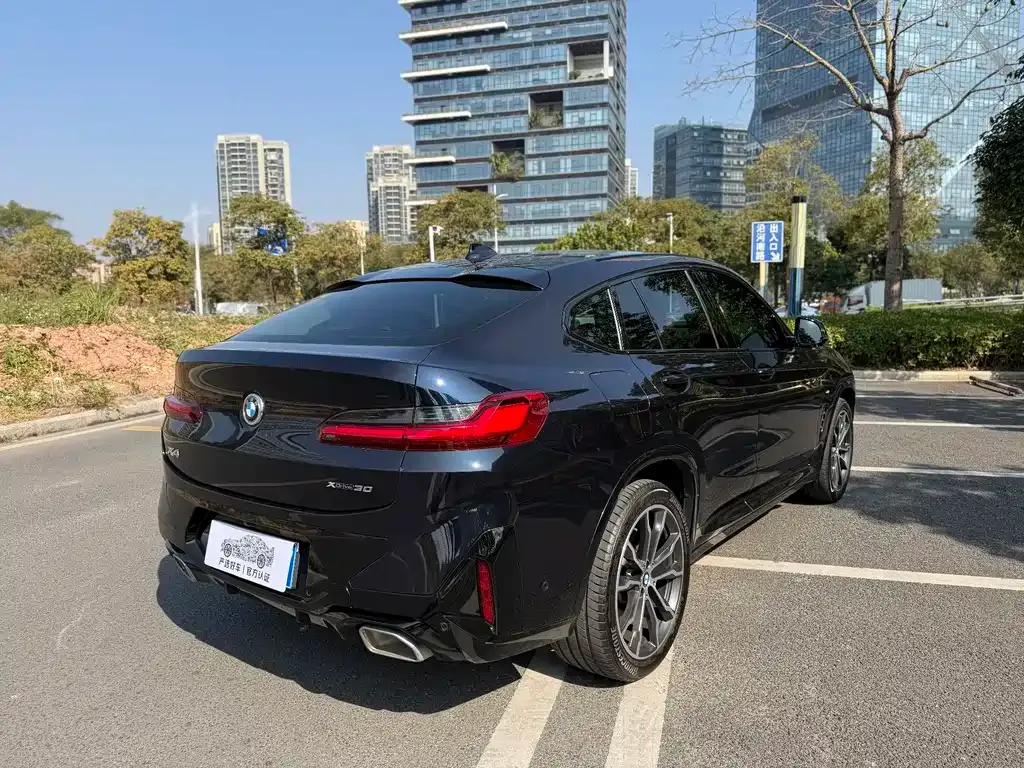 BMW X4 2023 из CN, фото 6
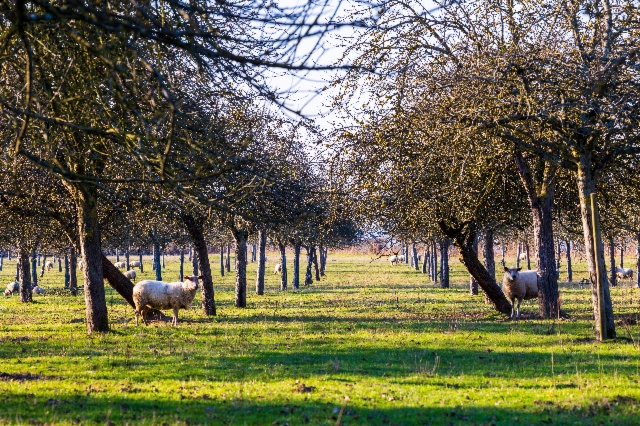 Agriculture : Santé humaine et santé environnementale 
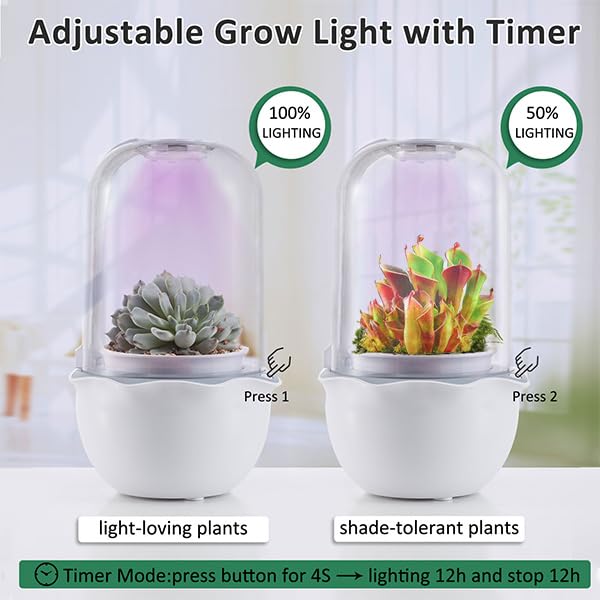 Timer-enabled lighting provides consistent day length for small indoor plants.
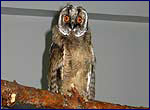 asio otus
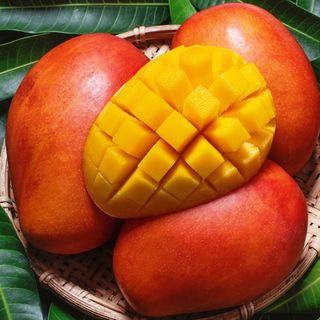 FT6- Mango Sago 500ml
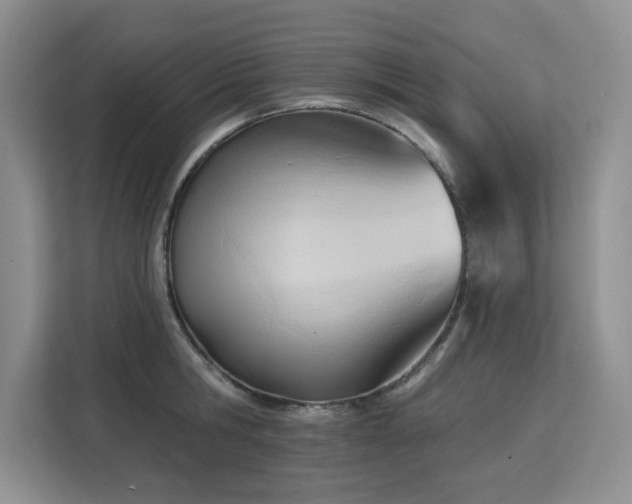 X0000113130806200909110913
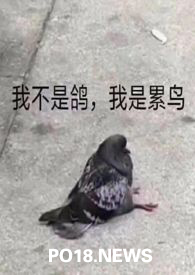 （人外）论活化石的新生活（人外）论活化石的新生活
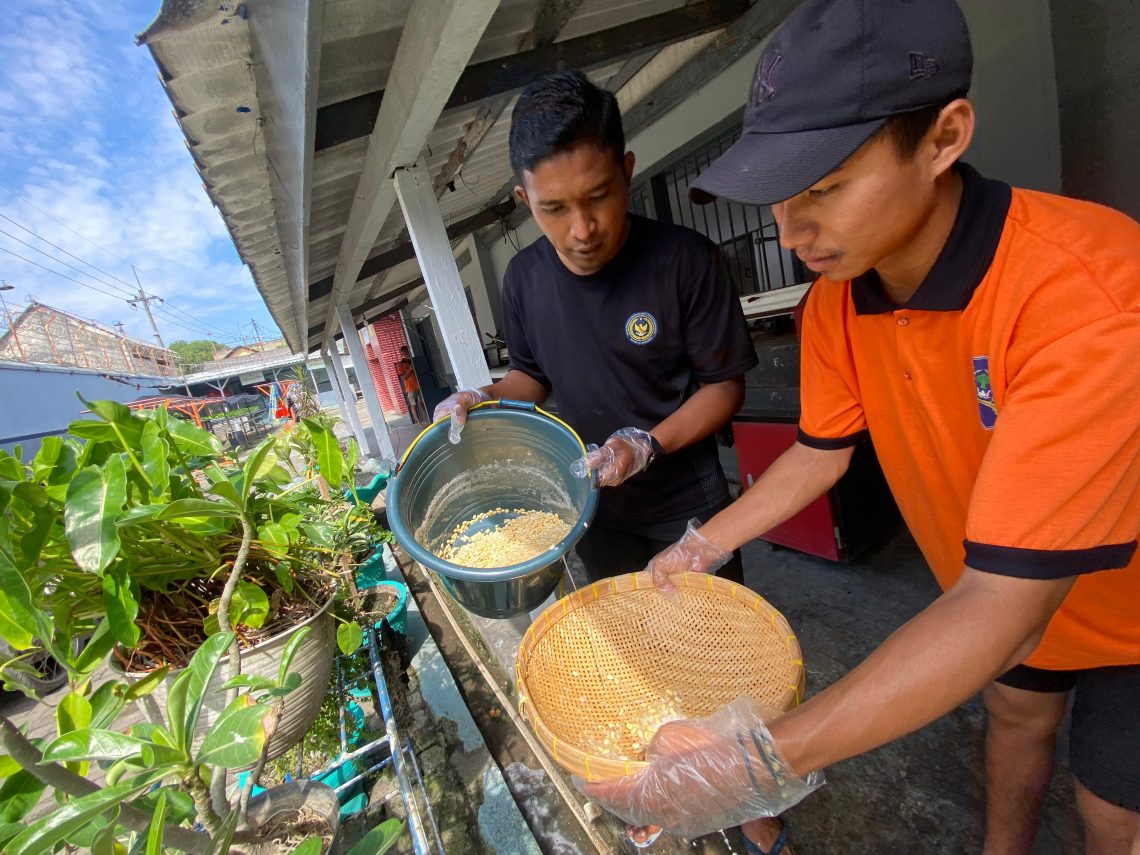Menilik Produksi Tempe Dibalik Jeruji di Mojokerto 1 Produksi Tempe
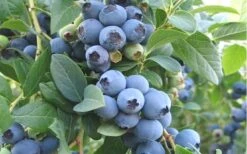 Ochlockonee Rabbiteye Blueberry - 3 Gallon Pot -Home Bloom Garden Blueberry Ochlockonee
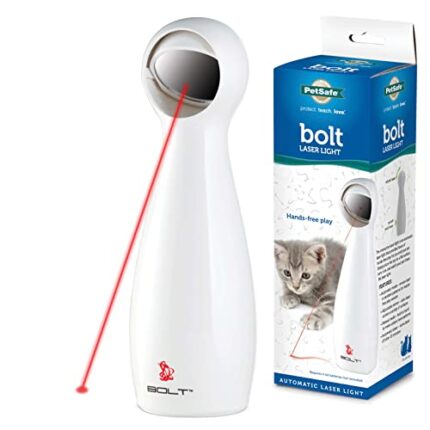 PetSafe Class IIIa Laser | Automatic Toy for Cats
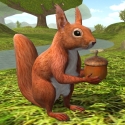 Squirrel Simulator 2 : Online QMobile Noir A6 Game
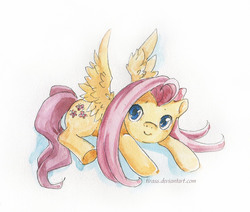 Size: 1867x1581 | Tagged: safe, artist:tirass, fluttershy, g4, cute, shyabetes, traditional art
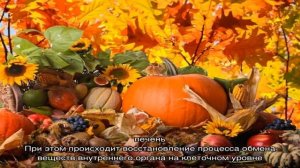 Тыквенный сок: польза свежевыжатого тыквенного сока для взрослых и детей, лечение им заболеваний, .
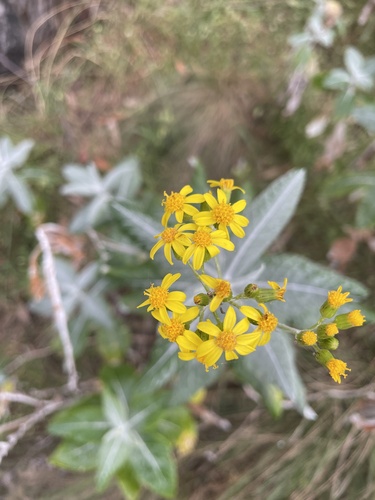Senecio observed 2023-10-22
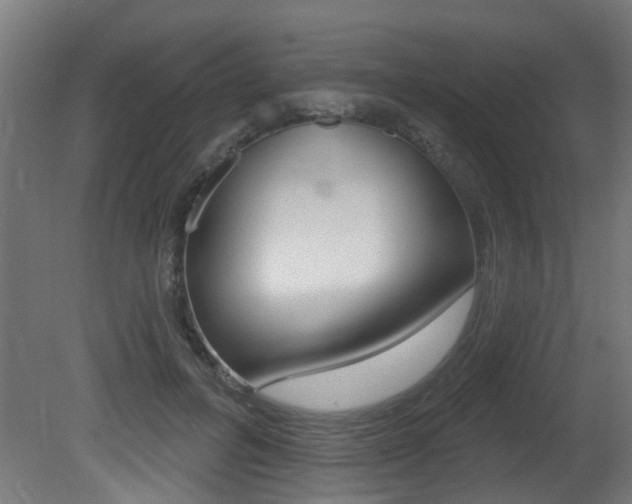 X0000081420600200701120946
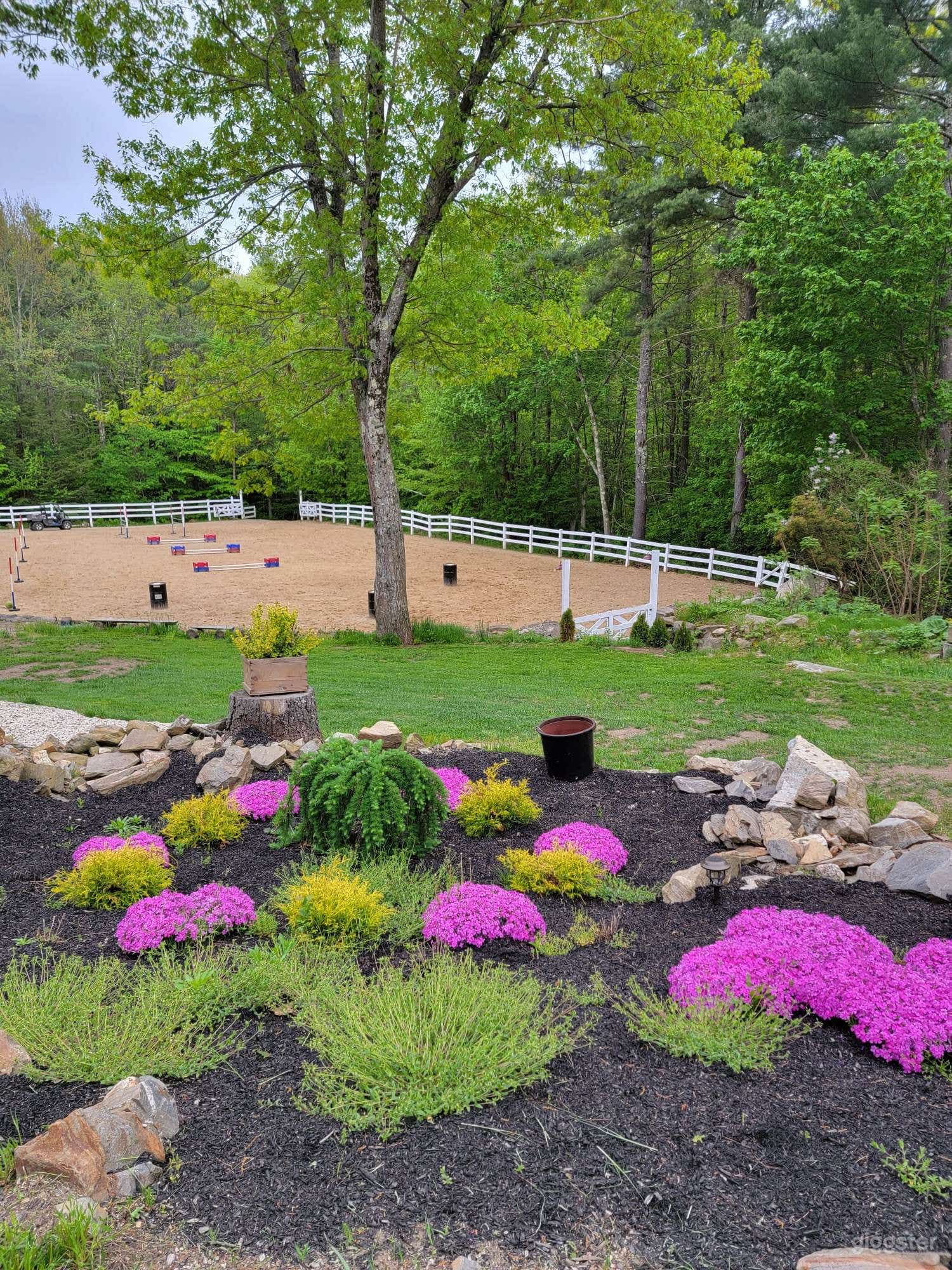 View to our main arena.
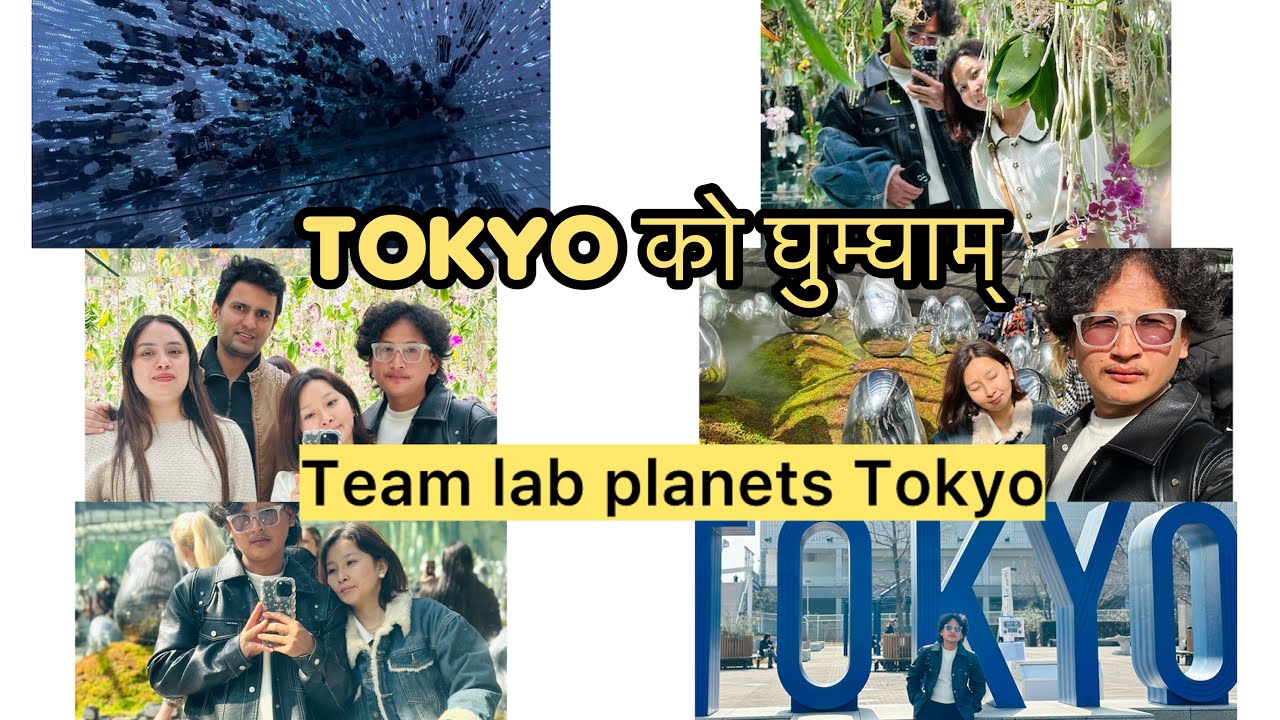 TOKYO TRAVELLING BLOG,TEAMLAB PLANET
- - -
YOUR ASSIGNMENT - The listing above must be given again exactly, minus its pictures.

RESPONSE TO THIS TASK -
 BMW X4 2023 из CN, фото 6
 Agriculture : Santé humaine et santé environnementale 
 Timer-enabled lighting provides consistent day length for small indoor plants.
 asio otus
 FT6- Mango Sago 500ml
 X0000113130806200909110913
 （人外）论活化石的新生活（人外）论活化石的新生活
Menilik Produksi Tempe Dibalik Jeruji di Mojokerto 1 Produksi Tempe
 Ochlockonee Rabbiteye Blueberry - 3 Gallon Pot -Home Bloom Garden Blueberry Ochlockonee
 PetSafe Class IIIa Laser | Automatic Toy for Cats
 Squirrel Simulator 2 : Online QMobile Noir A6 Game
 Size: 1867x1581 | Tagged: safe, artist:tirass, fluttershy, g4, cute, shyabetes, traditional art
 Тыквенный сок: польза свежевыжатого тыквенного сока для взрослых и детей, лечение им заболеваний, .
Senecio observed 2023-10-22
 X0000081420600200701120946
 View to our main arena.
 TOKYO TRAVELLING BLOG,TEAMLAB PLANET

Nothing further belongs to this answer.